阪神が巨人に4連勝し、9年ぶりの日本シリーズ進出を決めた。歴史的G倒に導いた和田豊監督(52)は目を潤ませ、ナインと歓喜に浸った。リーグ優勝チームに1勝がつくアドバンテージ制が導入された08年以降、シーズン2位からのクライマックスシリーズ(CS)突破は初。パ・リーグCS覇者と戦う日本シリーズは25日、甲子園で開幕する。
虎将が泣いた。勝利の瞬間も顔色ひとつ変えなかった和田監督の涙腺がゆるんだ。スタンドのファンへ感謝の一礼。敵地東京ドームを声援が包んでいた。「和田~、ありがとう」。いつもは「涙」を否定する男が、もらい泣き。つらく歩んで来たセ代表への道のりが、頭をよぎった。
和田監督
う~ん…ここに来るまでいろいろあったしね。特にシーズン中、勝負どころで勝てなくてファンの皆様にも歯がゆい思いをさせてしまった。いろいろなものが詰まったクライマックスの優勝だから。
3年前、第32代阪神監督を引き受けた。1年目は借金20で5位にまで沈んだ。24時間、野球が離れられない宿命。趣味のゴルフもめっきりやらなくなった。男前に似合っていた髪も寂しくなった。

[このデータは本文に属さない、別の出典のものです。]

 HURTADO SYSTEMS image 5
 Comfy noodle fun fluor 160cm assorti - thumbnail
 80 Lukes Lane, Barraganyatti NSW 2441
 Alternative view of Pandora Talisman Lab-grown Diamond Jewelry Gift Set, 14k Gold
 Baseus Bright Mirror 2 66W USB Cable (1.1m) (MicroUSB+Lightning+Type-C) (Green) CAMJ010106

「勝っている時は寝なくてもいい。負けてる時は寝て忘れる。失敗したことは覚えているけどね。年がたつごとにノウハウ的なものはできてきたよ」
寝酒も喉を通らなかった。「勝負」と宣言した9月、初旬の6連敗で巨人の背中が遠のいた。ついには去就問題も湧いた。そんなとき、甲子園の監督室に掲げる額縁を見詰めた。「泰然自若」。知人の書家が書いた4文字とともに、揺れる心と戦った。

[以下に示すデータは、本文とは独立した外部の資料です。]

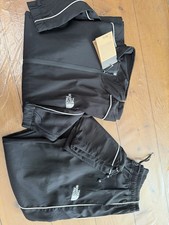 Survêtement The North Face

起用法に外野の声が飛んだ。前半戦、不調だった福留を「野球への姿勢を含めて絶対に必要」と使った。右肘痛の西岡はCS直前、先発三塁について直接話し合った。ゴメスは4番に固定、呉昇桓はギリギリまで1イニング限定にした。勝負どころへ向けた我慢と信念のタクト。ポストシーズンでは攻めの采配を崩さず、花を開かせた。宿敵に4連勝を飾ると、ナインは勢いよくグラウンドへ飛び出し、マウンド付近で指揮官を待っていた。だが和田監督はあえて近寄らず、いつものようにハイタッチで待った。胴上げはなかった。
和田監督
それは甲子園で。
85年以来の日本一へ、頂上決戦は誕生90周年の甲子園から始まる。「甲子園の胴上げ」は、早くても第6戦。そんな意地悪な声に「それは早ければ4戦目がいいし。敵地でも何でもいいから、1回は上げてもらおうかな」。感激と思いの詰まった涙をぬぐい、最後の勝負に挑む。【近間康隆】
▼公式戦の阪神は巨人から7ゲーム差をつけられ、勝率5割2分4厘4毛。日本シリーズ出場チームの勝率としては、75年阪急5割2分、73年巨人5割2分3厘8毛に次いで低い。プレーオフで優勝を決めた時代(04~06年パ)も含め、1位から5ゲーム差以上離されたチームのシリーズ出場は初。